Brown bag it to work but skip the brown bag by putting your lunch in a more suitable container. There is a wide range of containers designed to carry your lunch or a child's lunch to work or school. Depending on your needs, some containers are better than others. For example, an insulated lunch container may be your best option if you need to keep your lunch hot or cold, but don't have access to a refrigerator. A glass container will work best if you need to use a microwave and are not concerned about the container breaking.
The tiffin is a lunch container commonly used in India. Tiffins feature several compartments that stack, making it easy to carry your lunch from home to work or school. A tiffin is ideal if you like to bring more than one item for lunch that doesn't have its own packaging, such as a sandwich, handful of raw vegetables, cereal or cookies.
Tiffins come in a range of materials. Stainless steel is traditionally used in India and makes a lunch container that is easy to clean, as it can be washed by hand or in the dishwasher. The steel will also not leach chemicals into food, which can be a concern with plastic containers. A downside of steel tiffins is that microwaving in the tins is not advisable.
Plastic or melamine tiffins are also available. Some people advise against plastic, since it can contain chemicals that leach into the food. It may be a good option, though, if you want a tiffin that is a little more lightweight.
If you want an insulated lunch container, you have a range of options. If you want to carry soup or another hot liquid for lunch, an insulated food jar may be your best option. Many food jars hold up to 17 ounces, which is a fair amount of soup for one person. They also keep the soup or stew hot for several hours. Depending on how long you have to wait between arriving at work or school and eating lunch, choose a thermal jar that promises to keep your food hot for at least seven or eight hours. As an added bonus, some of the best food jars come with a lid that doubles as a bowl for your soup and a spoon.

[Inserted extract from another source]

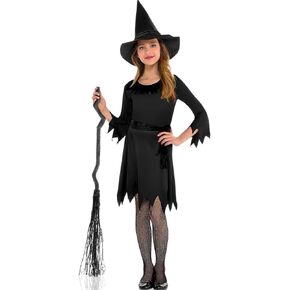 Amscan Lil Witch Set - Includes Dress, Belt, Hat, Haunting Ghost Outfits, Perfect for Party & Trick or Treat Fun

Some lunch containers are insulated to keep foods cold until lunchtime. The insulated containers accomplish this either by being lined in an insulated batting that traps the cold in or by coming with an ice pack that you remove from the container and freeze until it is time to take your lunch to work. Since containers that container insulated batting may have a slightly odd smell, due to the chemicals used in the lining and the synthetic fabric of the bag, your best option may be a container with an ice pack.
These containers are usually made of hard plastic, which you can wash easily in the dishwasher. Soft, lined insulated containers are usually spot clean only and may retain odors after you clean them. If you are the type to bring a several piece lunch to work, such as a salad and sandwich, or sandwich and fruit, look for a container that is divided so that you foods do not intermingle and become soggy.
Another type of insulated lunch container is made of neoprene, the rubbery material commonly used to make wet suits. Neoprene lunch containers keep food cool just as well if not better than ice packs. The containers also stretch and can hold a large amount of food in what appears to be a small amount of space.
If you want to microwave food at work or school and are concerned about plastic leaching chemicals into the food, glass is probably your best option. Glass containers may also be a bit less expensive than insulated lunch containers or tiffins, especially if you re-purpose a container for your lunch. Refrigerator boxes or canning jars are ideal for carrying your lunch. Use a container that has a tightly fitting lid to prevent spills. Canning jars with twist on lids are ideal, as are glass storage containers with tight-fitting plastic lids. You can remove the lid to microwave food.
You do have to be more careful with glass containers than with plastic or steel, especially during transport. If the glass is set down too hard on a surface or if your commute is particularly bumpy, the container can break in transit, leaving you with a mess to clean up. Don't send a child to school with glass lunch containers, as the risk of them breaking if handled too roughly is pretty high.